Sachsen: Nach Auskunft des Landes wurden keine SodEG-Regelung mit weiteren Maßgaben getroffen.
Schleswig-Holstein: Nach Auskunft des Landes gilt ein Gesetz zur Ausführung des SodEG, in dem auch eine Ermächtigung geregelt ist, durch Verordnung abweichende Höchstgrenzen zu regeln. Von Bestimmungen des SodEG wurde von den in Schleswig-Holstein zuständigen Behörden nicht – oder nur in Einzelfällen – Gebrauch gemacht. Das gilt auch für die landesrechtliche Ermächtigungsnorm.
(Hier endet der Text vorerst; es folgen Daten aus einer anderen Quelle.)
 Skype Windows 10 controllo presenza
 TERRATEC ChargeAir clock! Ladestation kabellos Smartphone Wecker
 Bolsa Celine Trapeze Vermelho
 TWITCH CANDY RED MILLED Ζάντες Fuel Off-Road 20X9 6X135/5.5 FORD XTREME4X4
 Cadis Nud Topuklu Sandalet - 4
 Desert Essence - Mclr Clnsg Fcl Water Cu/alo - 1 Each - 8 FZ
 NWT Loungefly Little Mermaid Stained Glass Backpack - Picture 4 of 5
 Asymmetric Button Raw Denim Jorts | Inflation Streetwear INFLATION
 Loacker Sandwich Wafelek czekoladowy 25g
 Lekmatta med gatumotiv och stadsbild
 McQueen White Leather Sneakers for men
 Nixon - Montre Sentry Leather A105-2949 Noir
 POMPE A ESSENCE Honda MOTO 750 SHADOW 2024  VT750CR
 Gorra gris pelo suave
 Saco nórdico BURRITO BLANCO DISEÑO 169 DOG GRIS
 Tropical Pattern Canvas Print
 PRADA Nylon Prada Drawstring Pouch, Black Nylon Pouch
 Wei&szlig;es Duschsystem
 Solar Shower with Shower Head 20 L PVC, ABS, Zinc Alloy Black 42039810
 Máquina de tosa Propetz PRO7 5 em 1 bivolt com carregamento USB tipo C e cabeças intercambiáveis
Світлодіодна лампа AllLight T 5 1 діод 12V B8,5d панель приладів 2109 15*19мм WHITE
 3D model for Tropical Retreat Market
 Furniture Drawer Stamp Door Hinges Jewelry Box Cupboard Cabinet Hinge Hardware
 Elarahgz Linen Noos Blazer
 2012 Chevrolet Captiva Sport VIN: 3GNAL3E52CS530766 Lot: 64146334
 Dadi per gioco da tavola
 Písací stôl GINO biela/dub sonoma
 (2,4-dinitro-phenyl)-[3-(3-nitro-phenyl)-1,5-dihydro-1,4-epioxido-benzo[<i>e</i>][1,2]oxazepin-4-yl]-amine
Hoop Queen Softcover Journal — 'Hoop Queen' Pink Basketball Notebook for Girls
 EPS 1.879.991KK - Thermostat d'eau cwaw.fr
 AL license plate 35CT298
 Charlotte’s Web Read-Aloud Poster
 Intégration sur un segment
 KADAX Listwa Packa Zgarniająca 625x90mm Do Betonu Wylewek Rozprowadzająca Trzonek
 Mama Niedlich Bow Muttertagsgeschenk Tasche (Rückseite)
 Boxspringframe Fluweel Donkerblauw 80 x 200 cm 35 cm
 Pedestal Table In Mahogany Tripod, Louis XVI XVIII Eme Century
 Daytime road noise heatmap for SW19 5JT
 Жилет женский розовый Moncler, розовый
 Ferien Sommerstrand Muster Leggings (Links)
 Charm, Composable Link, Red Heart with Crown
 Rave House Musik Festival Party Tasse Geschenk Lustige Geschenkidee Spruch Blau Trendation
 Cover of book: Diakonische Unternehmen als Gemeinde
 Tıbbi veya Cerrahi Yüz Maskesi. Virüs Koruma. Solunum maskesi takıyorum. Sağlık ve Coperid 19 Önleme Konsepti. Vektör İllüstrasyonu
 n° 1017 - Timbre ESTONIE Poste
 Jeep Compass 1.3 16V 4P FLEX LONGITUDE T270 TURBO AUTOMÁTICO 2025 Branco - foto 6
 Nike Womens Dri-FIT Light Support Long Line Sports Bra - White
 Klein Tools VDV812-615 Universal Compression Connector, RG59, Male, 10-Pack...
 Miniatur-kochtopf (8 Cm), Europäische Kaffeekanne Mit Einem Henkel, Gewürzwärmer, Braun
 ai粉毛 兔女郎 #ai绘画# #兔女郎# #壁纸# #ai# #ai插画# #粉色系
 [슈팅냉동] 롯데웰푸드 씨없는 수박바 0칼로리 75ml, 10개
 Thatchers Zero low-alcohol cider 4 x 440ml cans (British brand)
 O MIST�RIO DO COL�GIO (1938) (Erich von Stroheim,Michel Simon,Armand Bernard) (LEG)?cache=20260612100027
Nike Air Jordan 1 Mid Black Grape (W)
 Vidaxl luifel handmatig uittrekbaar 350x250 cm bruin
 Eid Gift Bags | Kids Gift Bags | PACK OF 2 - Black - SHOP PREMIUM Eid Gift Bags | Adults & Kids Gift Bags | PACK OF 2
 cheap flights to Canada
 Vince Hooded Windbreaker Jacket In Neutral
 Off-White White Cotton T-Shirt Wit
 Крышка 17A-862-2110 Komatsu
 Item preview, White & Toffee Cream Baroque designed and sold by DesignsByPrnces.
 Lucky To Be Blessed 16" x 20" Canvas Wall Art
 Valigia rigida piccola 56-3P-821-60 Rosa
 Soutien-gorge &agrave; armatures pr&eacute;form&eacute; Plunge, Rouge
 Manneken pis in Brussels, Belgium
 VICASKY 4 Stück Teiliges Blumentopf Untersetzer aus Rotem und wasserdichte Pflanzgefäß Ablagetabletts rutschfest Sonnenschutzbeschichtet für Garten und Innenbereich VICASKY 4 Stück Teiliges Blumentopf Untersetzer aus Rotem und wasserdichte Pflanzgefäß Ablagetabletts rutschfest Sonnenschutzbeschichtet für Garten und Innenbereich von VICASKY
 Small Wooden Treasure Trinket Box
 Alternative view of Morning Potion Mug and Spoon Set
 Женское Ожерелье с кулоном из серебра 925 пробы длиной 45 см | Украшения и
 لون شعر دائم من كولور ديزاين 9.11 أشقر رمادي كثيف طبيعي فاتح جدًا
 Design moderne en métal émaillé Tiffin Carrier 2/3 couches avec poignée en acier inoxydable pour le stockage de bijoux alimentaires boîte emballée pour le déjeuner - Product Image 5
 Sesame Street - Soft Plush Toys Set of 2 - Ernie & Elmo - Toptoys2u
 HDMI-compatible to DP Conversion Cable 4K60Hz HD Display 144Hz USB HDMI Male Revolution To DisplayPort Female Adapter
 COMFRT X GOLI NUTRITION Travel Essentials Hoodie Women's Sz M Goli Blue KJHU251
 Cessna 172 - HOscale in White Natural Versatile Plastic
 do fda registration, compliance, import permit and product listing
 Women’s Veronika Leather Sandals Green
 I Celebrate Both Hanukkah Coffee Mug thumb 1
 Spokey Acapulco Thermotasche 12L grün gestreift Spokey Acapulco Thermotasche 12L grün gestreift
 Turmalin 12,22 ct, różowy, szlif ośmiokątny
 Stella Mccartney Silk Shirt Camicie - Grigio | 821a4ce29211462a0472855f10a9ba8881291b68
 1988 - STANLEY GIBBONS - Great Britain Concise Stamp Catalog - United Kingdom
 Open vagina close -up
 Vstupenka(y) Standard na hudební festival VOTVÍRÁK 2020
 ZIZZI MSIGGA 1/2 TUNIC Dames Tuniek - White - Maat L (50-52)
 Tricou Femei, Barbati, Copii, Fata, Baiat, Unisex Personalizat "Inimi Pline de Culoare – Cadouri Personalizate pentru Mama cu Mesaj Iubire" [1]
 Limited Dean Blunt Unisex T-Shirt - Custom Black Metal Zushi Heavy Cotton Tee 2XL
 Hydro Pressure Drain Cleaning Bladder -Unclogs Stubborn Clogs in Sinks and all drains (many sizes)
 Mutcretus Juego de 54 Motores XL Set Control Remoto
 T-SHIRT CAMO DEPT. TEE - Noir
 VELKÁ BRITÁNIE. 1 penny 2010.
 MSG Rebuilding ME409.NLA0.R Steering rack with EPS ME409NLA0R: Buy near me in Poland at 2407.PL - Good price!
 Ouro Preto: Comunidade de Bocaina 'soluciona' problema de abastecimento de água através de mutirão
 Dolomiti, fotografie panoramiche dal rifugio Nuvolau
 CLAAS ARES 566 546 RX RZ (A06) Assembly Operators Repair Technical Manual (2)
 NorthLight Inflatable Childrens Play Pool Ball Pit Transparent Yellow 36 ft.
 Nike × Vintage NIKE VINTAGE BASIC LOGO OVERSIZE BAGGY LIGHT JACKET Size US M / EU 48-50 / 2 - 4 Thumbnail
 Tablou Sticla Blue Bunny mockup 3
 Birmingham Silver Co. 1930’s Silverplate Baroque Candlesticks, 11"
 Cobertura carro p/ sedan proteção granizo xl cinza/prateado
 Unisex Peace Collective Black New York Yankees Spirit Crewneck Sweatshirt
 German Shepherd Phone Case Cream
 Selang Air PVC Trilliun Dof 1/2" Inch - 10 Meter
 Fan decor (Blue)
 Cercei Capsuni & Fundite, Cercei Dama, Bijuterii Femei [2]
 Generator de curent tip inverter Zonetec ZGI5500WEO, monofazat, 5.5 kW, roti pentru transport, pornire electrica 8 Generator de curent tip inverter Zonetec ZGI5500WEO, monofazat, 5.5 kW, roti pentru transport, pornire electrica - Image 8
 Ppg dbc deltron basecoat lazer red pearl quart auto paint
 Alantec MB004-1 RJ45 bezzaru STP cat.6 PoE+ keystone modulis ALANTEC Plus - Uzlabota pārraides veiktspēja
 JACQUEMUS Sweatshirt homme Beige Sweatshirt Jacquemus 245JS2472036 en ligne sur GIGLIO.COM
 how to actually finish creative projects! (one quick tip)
Thüringen: Der Thüringer Landtag hat nach Auskunft des Landes in seiner Sitzung am 5. Juni 2020 das „Thüringer Gesetz zur Umsetzung erforderlicher Maßnahmen im Zusammenhang mit der Corona-Pandemie (ThürCorPanG)“ als ein sogenanntes Mantelgesetz beschlossen. Das ThürCorPanG wurde am 24. Juni 2020 im Gesetz- und Verordnungsblatt für den Freistaat Thüringen verkündet und ist am 25. Juni 2020 in Kraft getreten. Es beinhaltet in Artikel 2 das „Thüringer Gesetz zur Ausführung des Sozialdienstleister-Einsatzgesetzes (ThürAGSoDEG)“, welches rückwirkend zum 28. März 2020 in Kraft getreten ist. Neben der im § 1 geregelten Zuständigkeit der Aufgabenwahrnehmung nach dem SodEG regelt das ThürAGSoDEG im § 2 die Zuschusshöhe für Zuschüsse nach dem SodEG. Nach Auskunft des Landes beträgt der monatliche Zuschuss nach § 3 des SodEG höchstens 100 vom Hundert des sich nach § 3 des SodEG ergebenden Monatsdurchschnitts. Mit dieser Regelung hat der Thüringer Landtag die vom Bundesgesetzgeber eingeräumte Möglichkeit des § 5 Satz 1 SodEG, eine gegenüber § 3 Satz 5 SodEG nach oben abweichende Höchstgrenze für die Zuschusshöhe zu bestimmen, genutzt.
Informationen zu Sachsen-Anhalt liegen der Bundesregierung nicht vor.